On ne l’a pas assez souligné : la Pologne et la France convergent désormais sur des points essentiels, ceux qui feront de l’Union une union politique. On ne l’a pas assez entendu, pas assez dit : la Pologne s’est pleinement ralliée à la nécessité d’une Défense européenne qui est maintenant en passe de faire l’unanimité dans l’Union mais pourquoi cette évolution, si fondamentale et décisive, se heurte-t-elle à un si grand silence ?

La raison en est que la droite polonaise au pouvoir est si profondément réactionnaire qu’elle en est devenue bien peu fréquentable et que son Premier ministre a longuement insisté à Heidelberg sur son refus de toute nouvelle évolution fédérale de l’Union.

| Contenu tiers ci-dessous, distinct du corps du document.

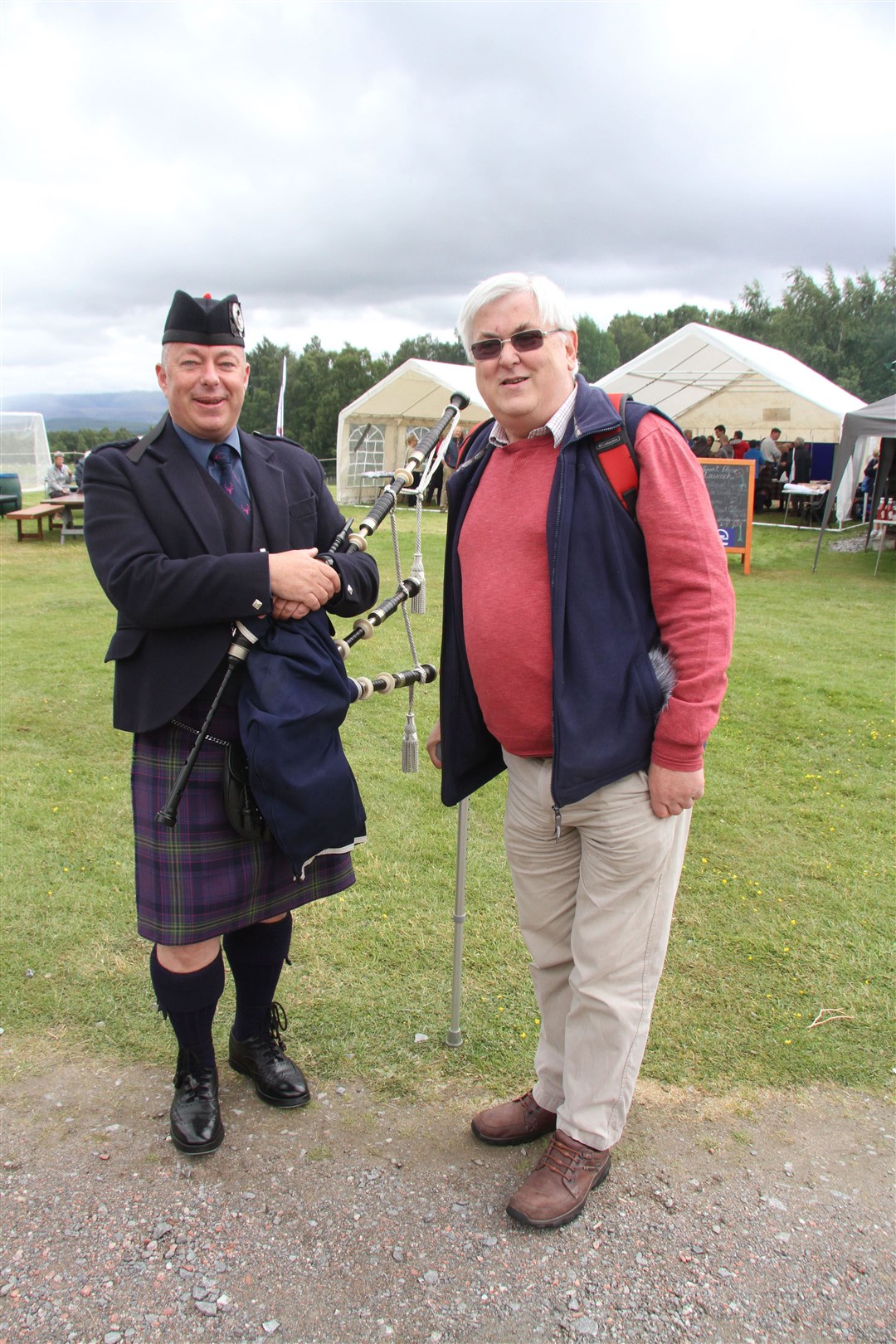 Lewis at work for Speysound, preparing to interview local pipe band leader Chris Thomson at a Badenoch Great Place Project event in 2018 at the Highland Folk Park (Photograph: Frances Porter)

Il a, au contraire, souhaité réduire les domaines de compétence commune et ardemment plaidé pour une Europe des nations dans laquelle l’unanimité resterait de règle.

Son idée de l’Europe n’était ni celle de Paris ni de Berlin mais faut-il, pour autant, s’en inquiéter et dénoncer un début de délitement de l’Union ou voir, à l’inverse, la dynamique dans laquelle Vladimir Poutine inscrit la Pologne et la conduit à plaider ?

Dès lors que la toute petite Estonie, celui des 27 Etats de l’Union qui aurait le plus besoin de croire en la pérennité du parapluie américain, appelle les Etats membres à acheter des munitions en commun, dès lors qu’elle est entendue, que l’Union s’arme en commun sur des budgets communs, qu’elle fait front dans le soutien à l’Ukraine et que la Pologne demande parallèlement à ses 26 partenaires de se doter d’une Défense commune, nous marchons de fait vers une union politique.

Nous ne le disons pas. Nous le faisons et nos divergences sur le degré de fédéralisme auquel nous devrions parvenir, à quel rythme, à quel terme et dans quels domaines, sont en l’occurrence totalement secondaires. Elles compteront un jour. Ce débat-là redeviendra important lorsque nous aurons une Défense commune, des industries d’armement paneuropéennes et donc une recherche et des politiques industrielles communes. Ce jour-là, il sera nécessaire et temps de nous demander qui veut aller plus loin, à quelle vitesse et s’il est ou non indispensable que nous soyons tous d’accord sur de nouveaux chapitres mais, pour l’heure, les tâches sur la réalisation desquelles nous convergeons sont bien assez lourdes pour que nous y consacrions tous nos efforts et reportions à plus tard les débats de demain.

Ce discours d’Heidelberg marque un tournant. L’Allemagne et l’Espagne, la France et l’Italie, le Benelux et les Scandinaves, la Grèce et le Portugal, la Roumanie, la République tchèque et toute l’Europe centrale, doivent y répondre au plus vite, chaleureusement, positivement, en allant à l’essentiel et prenant la Pologne aux mots.